Bicycles. That’s what’s missing. Remember Gin And Juice? At that time Snoop was rolling through the hood – not in a lowrider or a lexus, nor in a benzo or beamer – but on a bicycle. That was when hiphop was goooood.
There’s no future in cars. That should be obvious even to these rappers.
(Snoop still got it… more or less.)
Fella (from Trick Daddy’s Dunk Ryders) has read the writing on the walls and taken notes. He’s cruising his neighborhood on a classic, laidback model in his video for Thats All I Need.
Besides bikes, he has understood another very important thing about music today. As he says in his song, “I love my hood, and my hood loves me”. An artist aint shit without the community.

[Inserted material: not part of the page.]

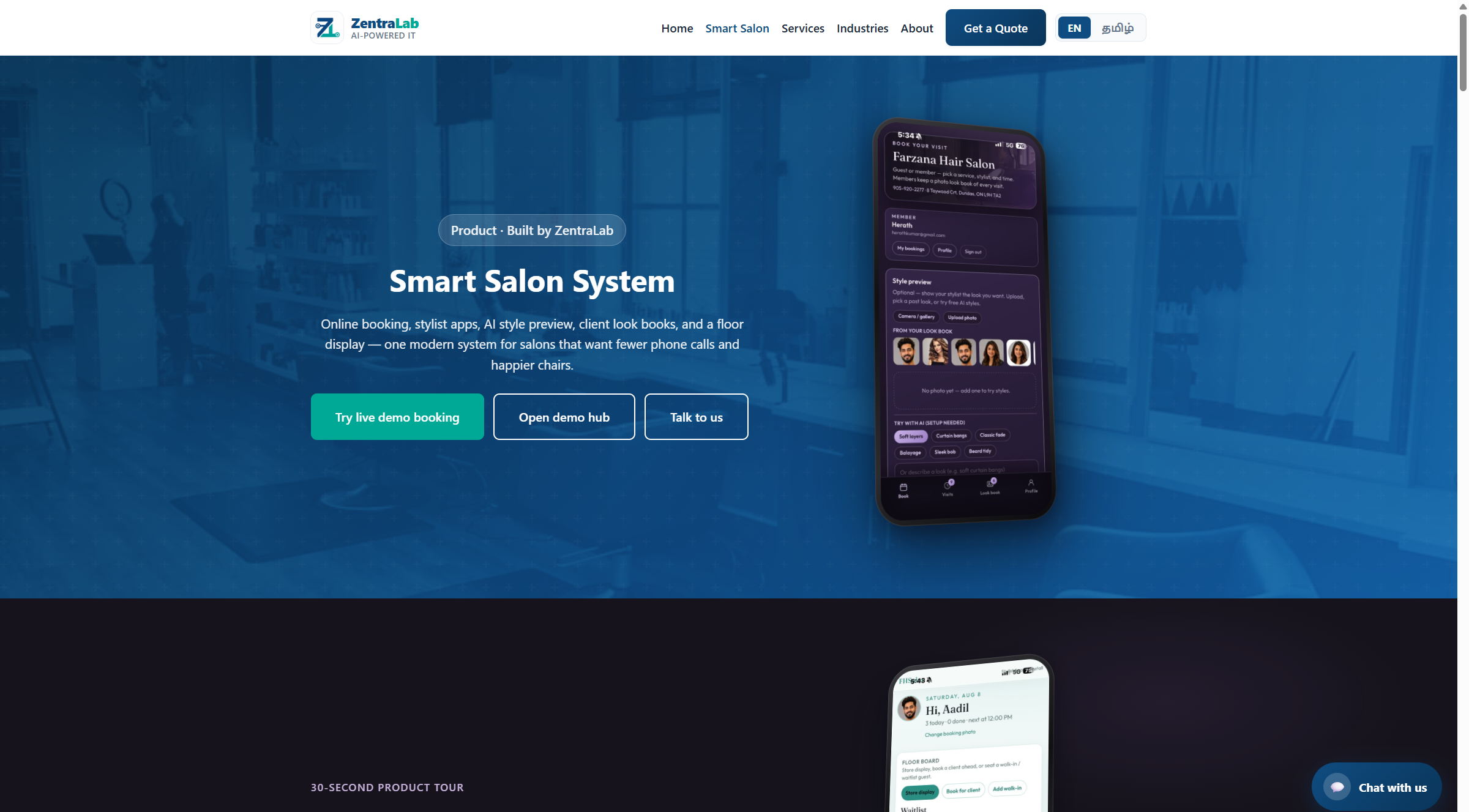 Smart Salon product website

The phase we’re living in now, or rather a tendency that is gaining importance, has (atleast here in Sweden) been described as postdigital. Basically, that means that with the abundance of music we have now, with everybody walking around with the entire recorded history of music in a chip under their toe-nail, what’s live and what’s local is getting more and more important.
Something that ties into the live and the local is what Johan Söderberg says in Allt mitt är ditt; that we live in an authenticity economy. With an overflowing well of culture at your fingertips, people are ready to pay for what they feel is real and genuine. Which, of course, has very much to do with what’s live and local.
It looks like Fella got it all covered. But an artist like Snoop is going to need more than a fly bike to stay relevant.